Amazon S3 support

An AmazonS3FileRepository stores all its resources in an Amazon S3 bucket.

Configuring an AmazonS3FileRepository

To use this AmazonS3FileRepository, you must add the following dependencies to your project:

<dependencies>
	<dependency>
           <groupId>com.amazonaws</groupId>
           <artifactId>aws-java-sdk-s3</artifactId>
       </dependency>
       <dependency>
           <groupId>org.springframework.cloud</groupId>
           <artifactId>spring-cloud-aws-core</artifactId>
           <version>2.1.0.RELEASE</version>
       </dependency>
</dependencies>

You create a new repository by passing an AmazonS3 client and specifying a bucket name:

Configuration of a new AmazonS3 repository
@Bean
public FileRepository documentRepository( AmazonS3 amazonS3 ) {
    return AmazonS3FileRepository.builder()
                                 .repositoryId( "documents" ) (1)
                                 .amazonS3( amazonS3 ) (2)
                                 .bucketName( "my-app-documents" ) (3)
                                 .build();
}
1 the unique repository id, all file descriptors will have this repository id
2 the Amazon S3 client to use
3 the name of the S3 bucket in which to store all objects

Uploading multipart files

The implementation uses infrastructure from Spring Cloud AWS to support multipart uploads and region specific bucket redirects. By default only one thread is used to upload files, but you can attach a org.springframework.core.task.TaskExecutor to the AmazonS3FileRepository to enable parallel uploading and enhance overall throughput.
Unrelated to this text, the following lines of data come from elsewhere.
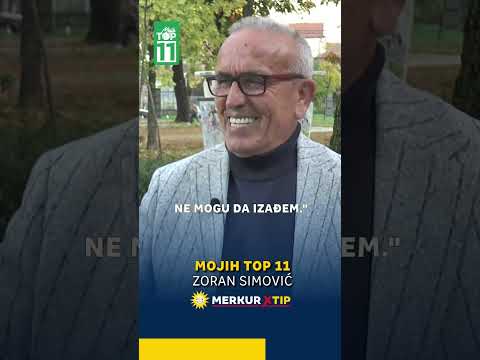 "Slišković je imao potencijal Maradone." - Zoran Simović - Mojih TOP 11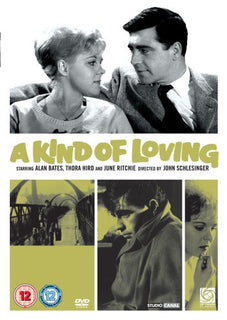 A Kind Of Loving [DVD] [1962]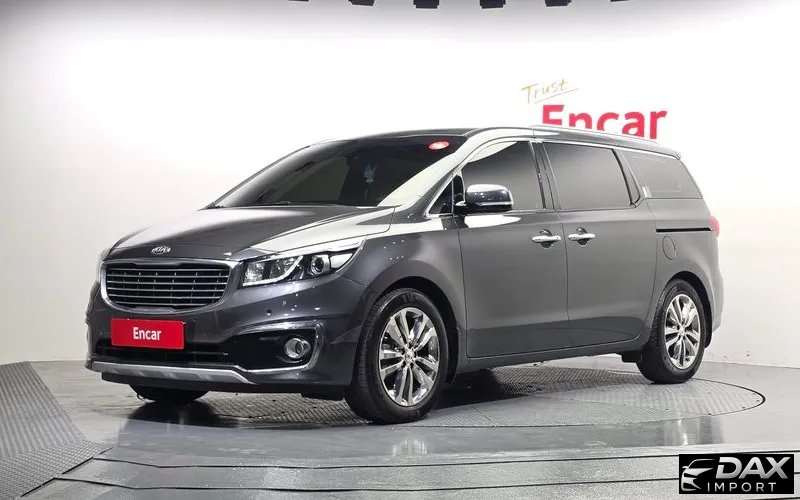 Kia Canival 9-seater Noblesse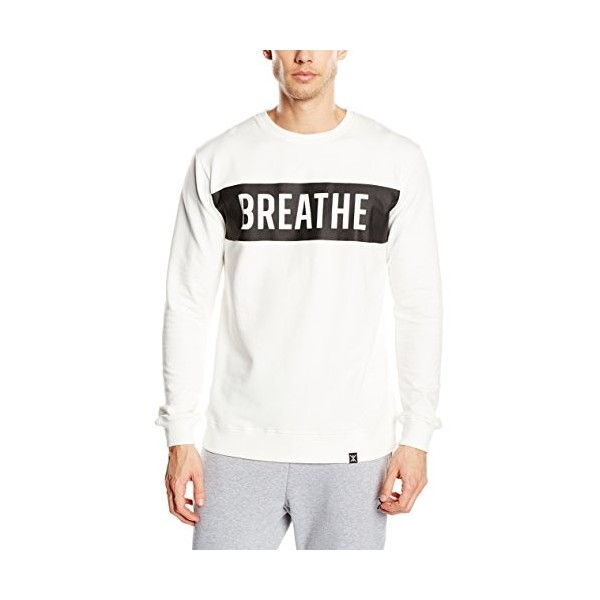 OnePiece College London Sweat pour Homme S Noir - Noir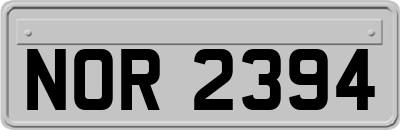 NOR2394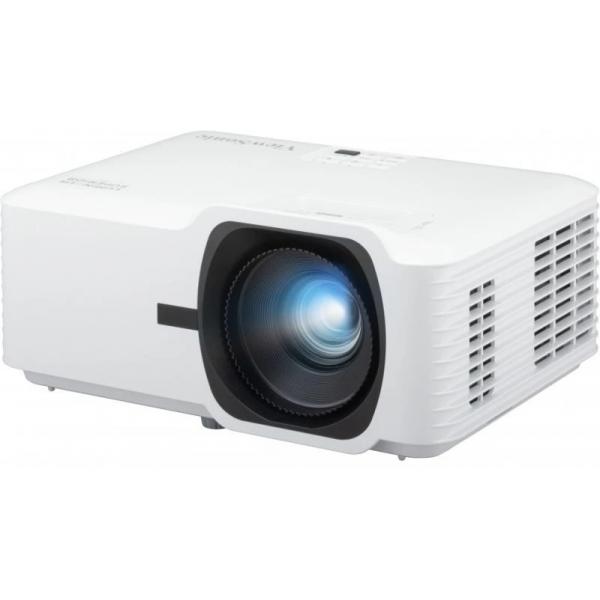 Viewsonic LS740HD videoproiettore Proiettore a raggio standard 4200 ANSI lumen 1080p (1920x1080) Bianco
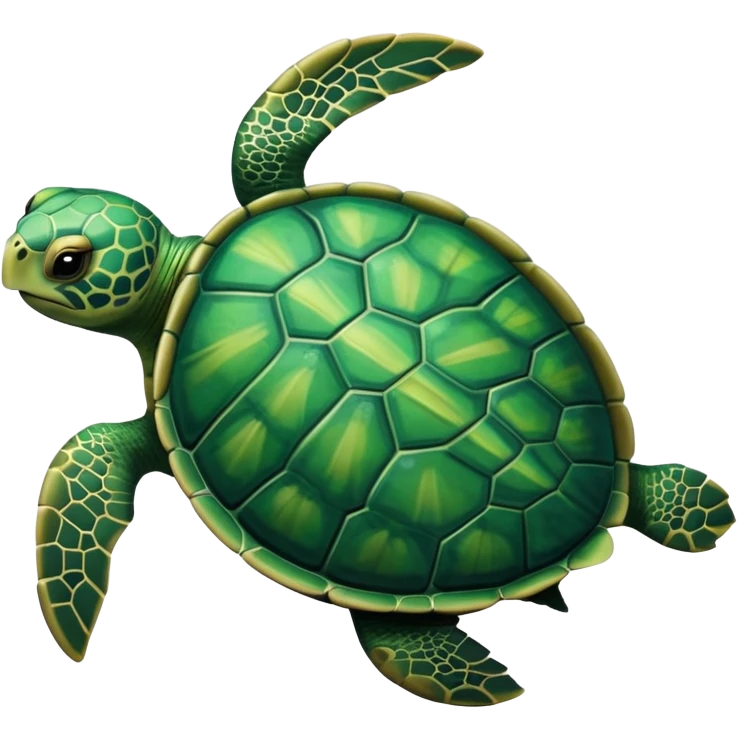 turtle emoji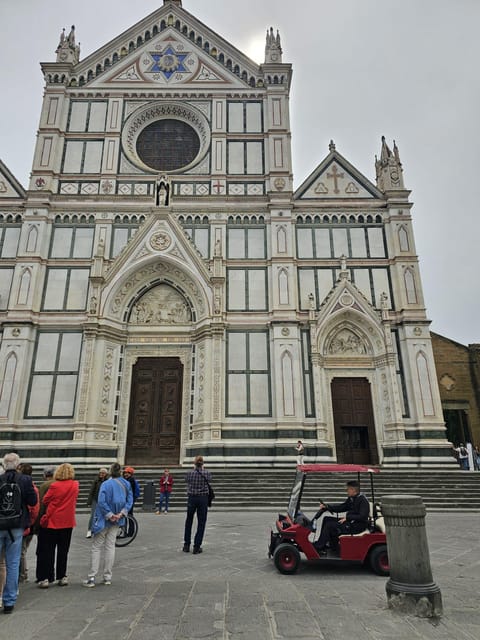 Florence: Michelangelo Hill Panoramic Tour with Food Tasting - Why the Florentine Hills Change the Whole Visit
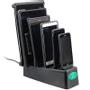 RAM MOUNT 6-Port Desktop Charger for IntelliSkin Products (RAM-GDS-DOCK-6G1PU $DEL)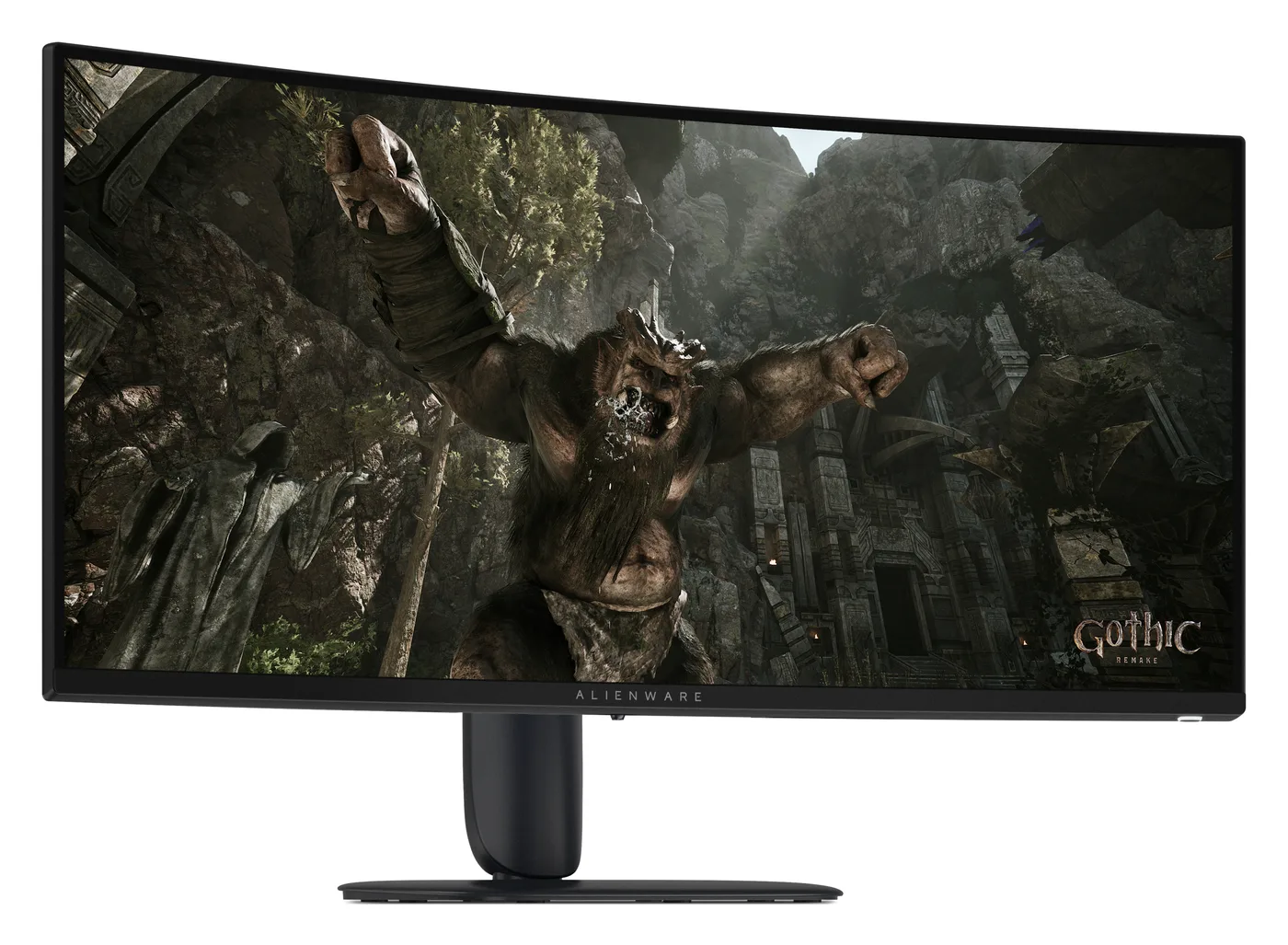 Dell Alienware 34 240Hz Gaming Monitor - AW3426DWM — monitor LCD 34" VA UWQHD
Configuration of a TaskExecutor
@Bean
public TaskExecutor s3UploadExecutor() {
    ThreadPoolTaskExecutor taskExecutor = new ThreadPoolTaskExecutor();
    taskExecutor.setMaxPoolSize( 10 );
    taskExecutor.setQueueCapacity( 0 );
    taskExecutor.setRejectedExecutionHandler( new ThreadPoolExecutor.CallerRunsPolicy() );
    return taskExecutor;
}

@Bean
public FileRepository documentRepository( AmazonS3 amazonS3, TaskExecutor s3UploadExecutor ) {
    return AmazonS3FileRepository.builder()
                                 .repositoryId( "documents" )
                                 .amazonS3( amazonS3 )
                                 .bucketName( "my-app-documents" )
                                 .taskExecutor( s3UploadExecutor )
                                 .build();
}

In this example our task executor does not queue uploads but executes them non-parallel in the calling thread if the threadpool is full.

Parallel uploads consume a memory footprint of at least 5MB per thread according to the Spring Cloud AWS documentation. Additional memory will be consumed for every item queued in the task executor.

Folder resource support

Amazon S3 uses a common key prefix as a folder concept for grouping objects. It also supports the optional creation of an actual folder object, this is an object name with a trailing slash (/).

From a FileManagerModule perspective FolderResource is fully supported, with the following important side notes:

  • calls to FolderResource.exists() will always return true even if there is no explicit S3 object matching the folder name

    • querying such a folder will simply return the objects starting with the folder name as prefix

  • calls to FolderResource.create() will create an explicit S3 object matching the folder name

    • true will be returned if the object was created (did not yet exist)

  • calls to FolderResource.delete(false) will only delete the S3 object should it exist, but will keep all objects starting with that folder prefix

    • deleteChildren() will delete the objects starting with the folder prefix, but keep the folder object if it exists

    • delete(true) will delete both

Path generation

Like the LocalFileRepository, the AmazonS3FileRepository supports a PathGenerator for the automatic file resource creation.